Finding a company to make the towels proved to be a greater challenge.

"We had to basically take a tablecloth manufacturer and a wet wipe manufacturer and kind of combine them," McCormick said.

Edberg and McCormick then brought in another partner, Dollar Loan Center owner Keith Bergh, and the team spent a year-and-a-half test marketing the 2-foot-by-4-foot wet towels, sending them to 30 different countries and handing them out to riders at the Sturgis motorcycle rally.

"We sent it to Afghanistan," McCormick said. "We sent it to Iraq, South America, Alaska."

McCormick then began the paperwork to get a contract with the U.S. General Services Administration, which arranges sales from the private sector to government organizations and the military. He also decided to get them in the field sooner by donating $50,000 worth of Klenz Towels to Operation USO Care Package.

The gamble paid off, as less than a half year later Klenz became partners with the USO and now serves as its hygiene product provider.
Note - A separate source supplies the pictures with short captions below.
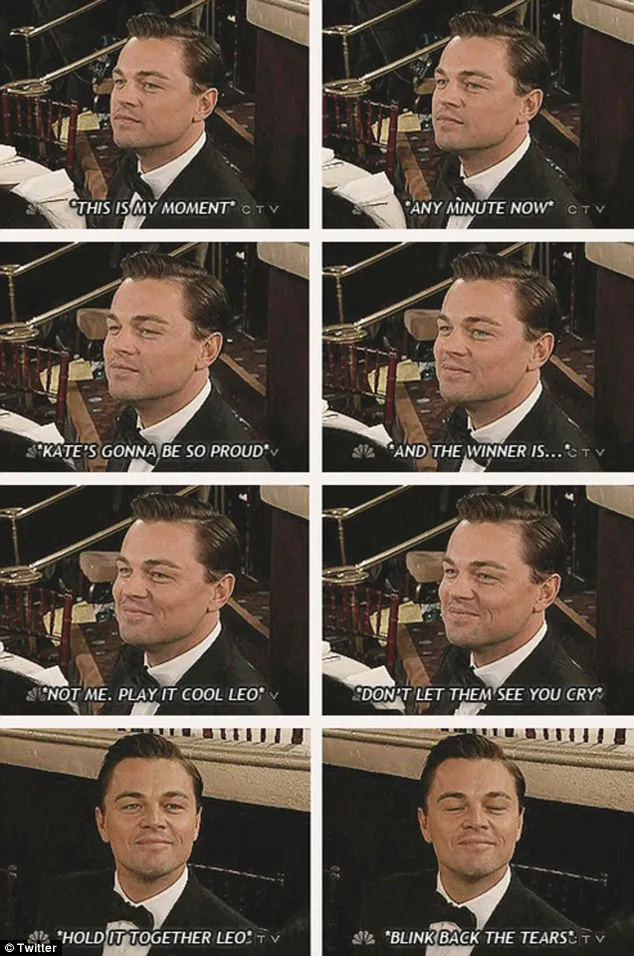 Leonardo DiCaprio gagal raih Oscar @ dailymail.co.uk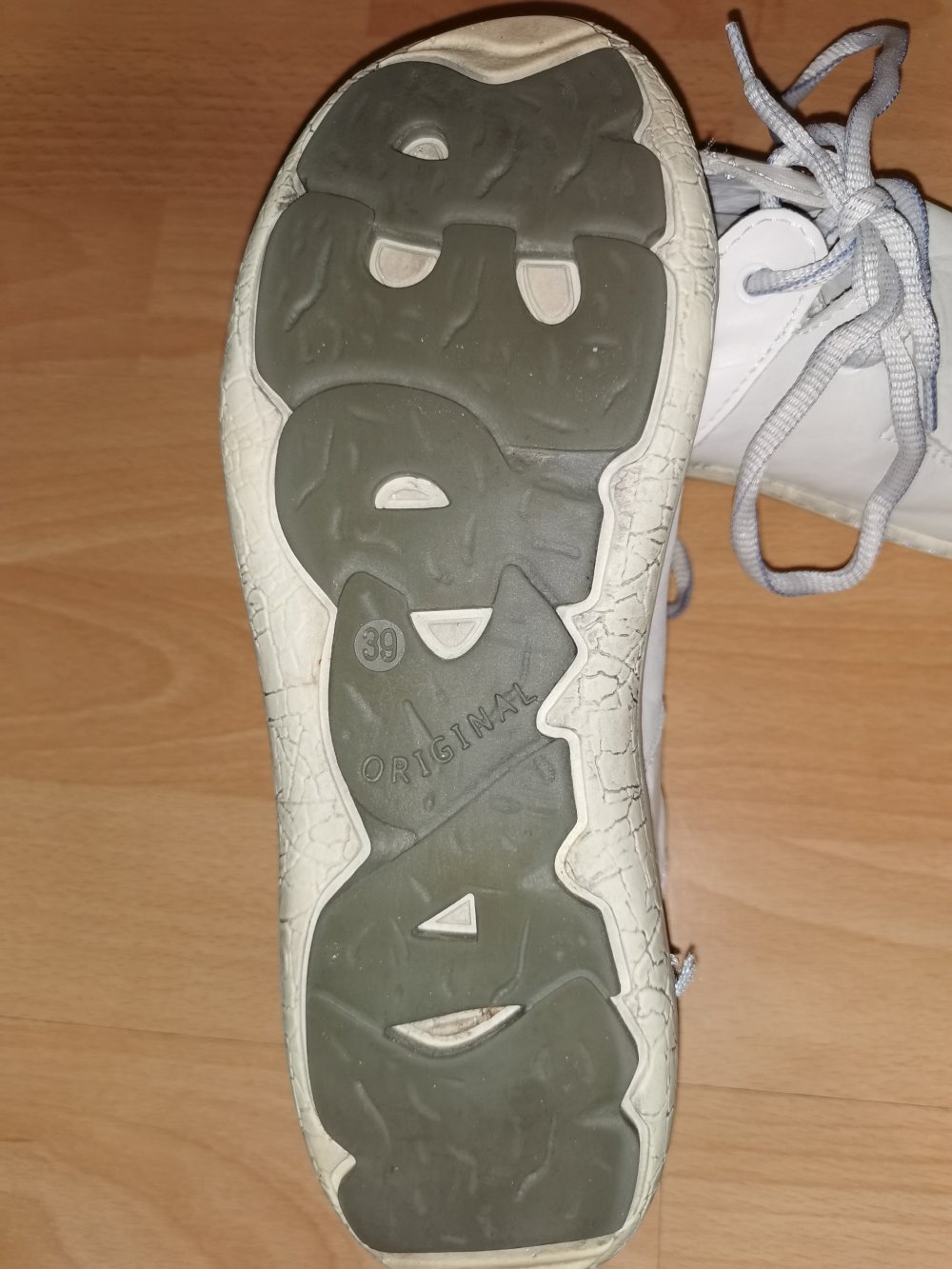 Lederhalbschuhe von Kacper (Gr. 39)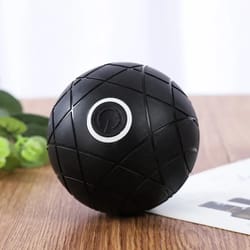 yoga pressure roller vibrating foot massage ball, high intensity rechargeable electric for muscle relief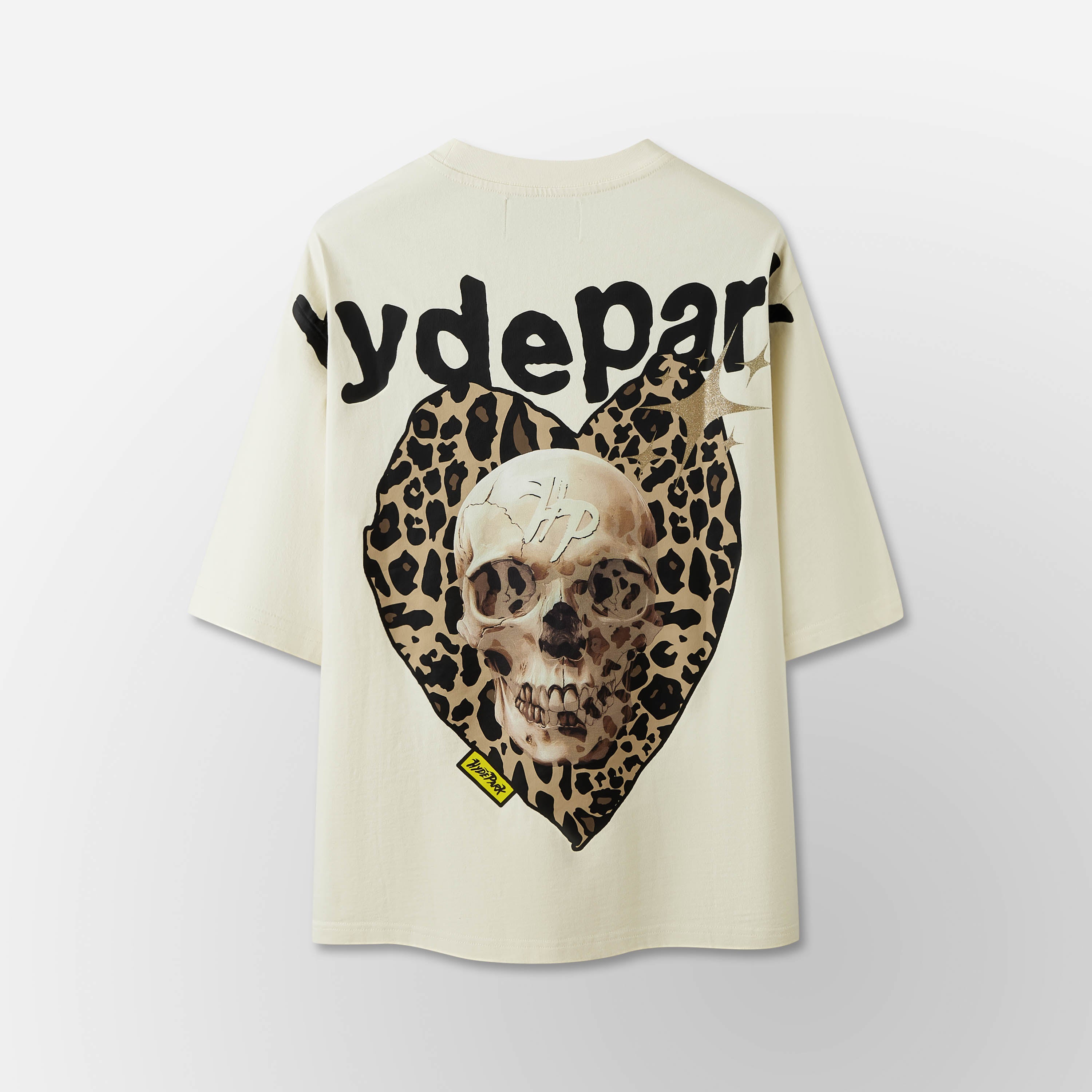 Power Skull Into The Wyld Heart - Light Brown/Cream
Some 500,000 of the towels have since found their way into soldiers' hands.

Klenz's retail version of its towels, for use in camping, fishing, hunting, hiking and biking, sell for $3.78 each on the company's Web site, or about $104 for a case of 48. People can also send a 12-pack to an overseas soldier for $30.

Klenz did $38,000 in sales in 2008 and $300,000 in 2009. McCormick said he is hoping to reach $1.2 million this year as it increases its retail sales and works to break into the professional, college and high school sports markets.

McCormick said his ultimate goal is to produce the towels in a local manufacturing plant that hires disabled veterans.